1. You can't get used to the weather/location of your university.
Even though I am an in-state student, the freezing weather I experienced during my first semester there was unlike anything I'd ever felt before. Some people may prefer cold weather over hot weather, as well as big cities rather than a small town feel. It took me going away from home, which is located in a big city, to realize I am happier in a city where there's a lot to do versus a small town.
2. Your weekends are constantly boring and uneventful.
Most people go through the freshmen blues, but when you're constantly staying inside and moping in your dorm when you should be having the time of your life – there might be a problem. Personally, it didn't take me long to realize there was going to be no improvement in what I was going through. The freezing weather and the small town feel that is characteristic of my university simply isn't a good fit for me (these are the two main reasons my weekends are boring and uneventful).
3. You see no improvement in your initial feelings, or you see a drastic change in them.

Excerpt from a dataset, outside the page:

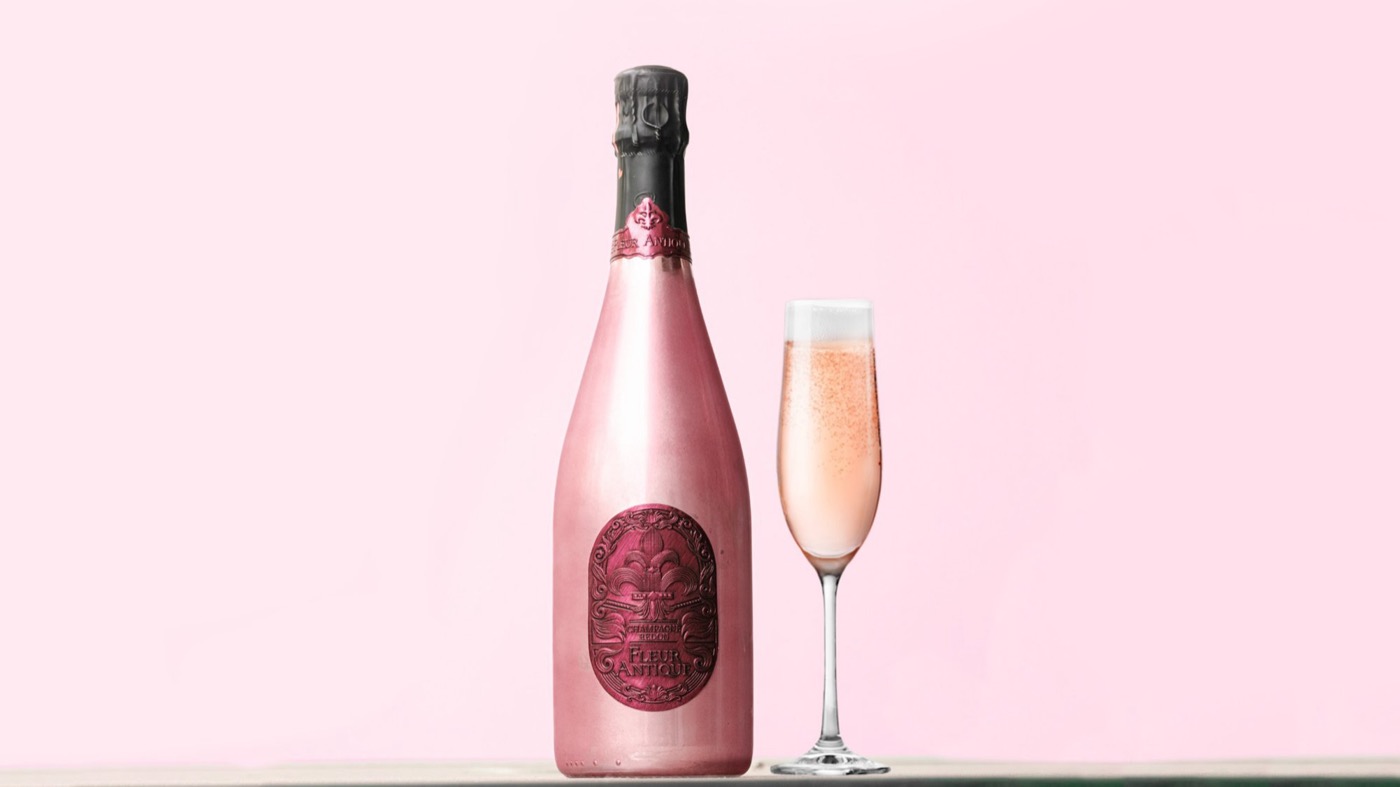 ROSE のボトルとグラス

When I arrived to my university, I felt extremely excited but there was also an overwhelming feeling that it wasn't the right place for me. If your feelings about where you go to school are negative to begin with and don't improve, or if they drastically change from good to bad – take it as a major sign.
4. You're feeling mentally and emotionally unstable.

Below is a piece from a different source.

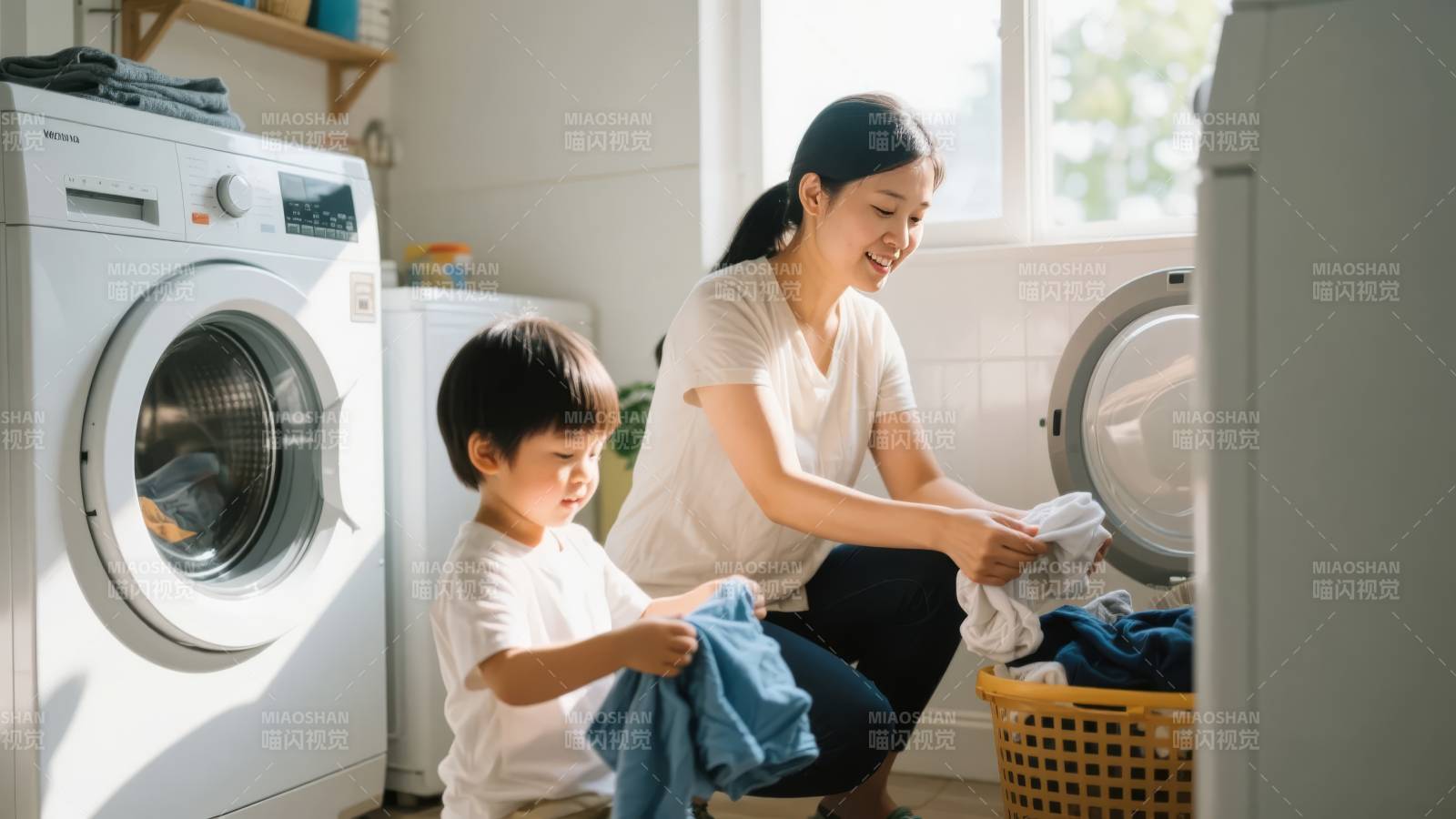 母子洗衣温馨时光图片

Some people might attribute instability to a number of things, and being in college with so many stress factors it should come as no surprise. But, critical thinking is important and so is reading between the lines. I overwhelmed myself with clubs, volunteering, a job on campus and a heavy course load to overshadow my unhappiness and eventually attributed my growing unhappiness to the latter for all the wrong reasons.
5. You feel jealous every time you see your friends posting about how good of a time they're having at their college.

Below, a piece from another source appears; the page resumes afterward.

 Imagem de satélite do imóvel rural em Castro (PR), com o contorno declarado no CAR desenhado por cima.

Jealousy is an ugly emotion, but sometimes it can be a red flag for a bigger problem you're facing. If you're jealous of your friends' college experience and it seems like they're having a much better time than you... then they probably are. College is all about living it up and enjoying yourself while pursuing an overarching goal. Feeling happy and having a good time is a key component of that. Don't undermine your emotions.
6. You're not working your hardest.
So maybe you've been putting off that paper for weeks, even months and now it's due tomorrow. Or maybe you're doing a half-assed job at where you work and you've given up by slowly missing class more and more. If you can't pinpoint exactly what it is that's killing your motivation, maybe there's a bigger problem to address. I know my unhappiness at my university can severely affect my motivation even on my best days.
7. Your friends and family can tell something is wrong.
Everyone I talked to knew it was unlike me to stay in on weekends or avoid all human contact when I wasn't in class. Spending excessive amounts of time at the library (it became my second home) and overeating unhealthy dining hall food (also unlike my healthy-oriented self) became ways to shield myself from accepting a very real problem: I was unhappy.